Both properties adopt a more traditional, disciplined, one might I say serious “Indian” approach than Shreyas – daily consults with the Vaidyas (doctor) who prescribe various treatments suited to individual conditions along with accompanying detox processes, massages, internal and external medicines and a most specific diet of organically grown ingredients.
Vana Malsi Estate – 45 minute drive NW of Dehradun airport, an easy flight from Delhi
When it opened in 2014, Vana was a first in India – founded and privately owned by Veer Singh, son of billionaire Analjit Singh, Chairman of The Max Group.
Veer, who had learned regenerative farming in Spain, led the conceptualisation, design and creation of Vana Malsi Estate assisted by a team of international wellness experts and Spanish architects, Esteva i Esteva Arquitectura – it embraced a rare European, thoroughly contemporary, sleek aesthetic over its 85 rooms surrounded by nature. The stunning 21-acre estate is situated in one of the most spiritually rich regions in the world. Set amidst clusters of ancient trees, organic food gardens and fruit orchards, the retreat merges into its surroundings, uniquely perched on a small plateau with sal forest to the west, the hills of Mussoorie to the north and the bustling small town of Dehradun to the east and Rishikesh to the south, home to many famous ashrams.
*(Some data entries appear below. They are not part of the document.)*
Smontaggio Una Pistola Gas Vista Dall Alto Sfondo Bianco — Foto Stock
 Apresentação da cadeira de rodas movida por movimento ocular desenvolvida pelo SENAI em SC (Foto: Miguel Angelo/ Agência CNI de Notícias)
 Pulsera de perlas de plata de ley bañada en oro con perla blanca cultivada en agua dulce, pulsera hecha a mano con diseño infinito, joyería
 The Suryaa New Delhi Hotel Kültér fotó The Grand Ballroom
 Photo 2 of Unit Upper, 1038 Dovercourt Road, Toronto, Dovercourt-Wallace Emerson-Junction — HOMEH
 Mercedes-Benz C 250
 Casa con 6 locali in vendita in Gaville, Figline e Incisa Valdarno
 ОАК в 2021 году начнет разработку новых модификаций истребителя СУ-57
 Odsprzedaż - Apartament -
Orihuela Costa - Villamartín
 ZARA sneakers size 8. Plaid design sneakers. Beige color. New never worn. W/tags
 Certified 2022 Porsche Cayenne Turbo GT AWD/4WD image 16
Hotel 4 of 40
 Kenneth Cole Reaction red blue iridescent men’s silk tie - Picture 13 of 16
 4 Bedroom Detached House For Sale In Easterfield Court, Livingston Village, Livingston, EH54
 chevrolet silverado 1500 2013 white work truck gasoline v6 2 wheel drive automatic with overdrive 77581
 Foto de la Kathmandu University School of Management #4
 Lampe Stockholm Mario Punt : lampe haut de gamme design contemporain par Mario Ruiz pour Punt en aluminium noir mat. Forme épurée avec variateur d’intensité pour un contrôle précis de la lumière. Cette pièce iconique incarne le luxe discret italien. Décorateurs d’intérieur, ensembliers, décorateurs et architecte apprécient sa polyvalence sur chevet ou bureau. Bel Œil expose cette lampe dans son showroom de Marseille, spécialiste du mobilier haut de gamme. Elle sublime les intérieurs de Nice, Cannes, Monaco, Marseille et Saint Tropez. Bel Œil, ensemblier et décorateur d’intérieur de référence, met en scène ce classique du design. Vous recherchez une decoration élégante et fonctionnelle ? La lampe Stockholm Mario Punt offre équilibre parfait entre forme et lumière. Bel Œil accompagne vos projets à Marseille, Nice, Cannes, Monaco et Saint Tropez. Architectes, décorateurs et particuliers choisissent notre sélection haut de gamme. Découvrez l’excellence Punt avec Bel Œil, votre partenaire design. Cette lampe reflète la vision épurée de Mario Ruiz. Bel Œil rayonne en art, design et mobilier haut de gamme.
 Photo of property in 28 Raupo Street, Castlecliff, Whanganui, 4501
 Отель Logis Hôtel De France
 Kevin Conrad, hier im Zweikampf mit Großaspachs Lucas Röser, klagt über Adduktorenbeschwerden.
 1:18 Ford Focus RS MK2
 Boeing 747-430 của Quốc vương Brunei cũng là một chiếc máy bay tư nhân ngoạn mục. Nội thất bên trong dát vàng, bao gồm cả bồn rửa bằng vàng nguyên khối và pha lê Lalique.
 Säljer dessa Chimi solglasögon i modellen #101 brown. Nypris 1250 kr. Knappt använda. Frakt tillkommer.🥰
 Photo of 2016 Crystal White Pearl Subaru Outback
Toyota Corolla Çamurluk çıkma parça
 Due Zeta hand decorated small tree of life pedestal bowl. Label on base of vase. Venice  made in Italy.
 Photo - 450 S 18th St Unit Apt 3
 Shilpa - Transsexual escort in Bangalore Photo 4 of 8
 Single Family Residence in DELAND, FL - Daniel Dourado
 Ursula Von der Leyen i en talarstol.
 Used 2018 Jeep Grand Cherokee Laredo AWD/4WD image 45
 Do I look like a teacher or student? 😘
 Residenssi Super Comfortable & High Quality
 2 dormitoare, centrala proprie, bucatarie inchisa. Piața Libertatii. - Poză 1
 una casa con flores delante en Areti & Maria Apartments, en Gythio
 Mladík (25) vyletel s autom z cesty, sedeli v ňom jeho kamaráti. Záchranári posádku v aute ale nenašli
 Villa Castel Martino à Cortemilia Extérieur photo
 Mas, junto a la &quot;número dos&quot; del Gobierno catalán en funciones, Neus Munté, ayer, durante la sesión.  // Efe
At least seven days are recommended to explore each aspect of wellbeing: physical, mental, emotional and spiritual. The Vana ethos beings together ayurveda, Tibetan healing, yoga, natural healing, spa, fitness and aqua, providing many paths to reach the same goal, or at least start a journey towards greater personal wellbeing. It has recently been rebranded under Six Senses who will lend their prestige and broaden the offerings at this already iconic retreat.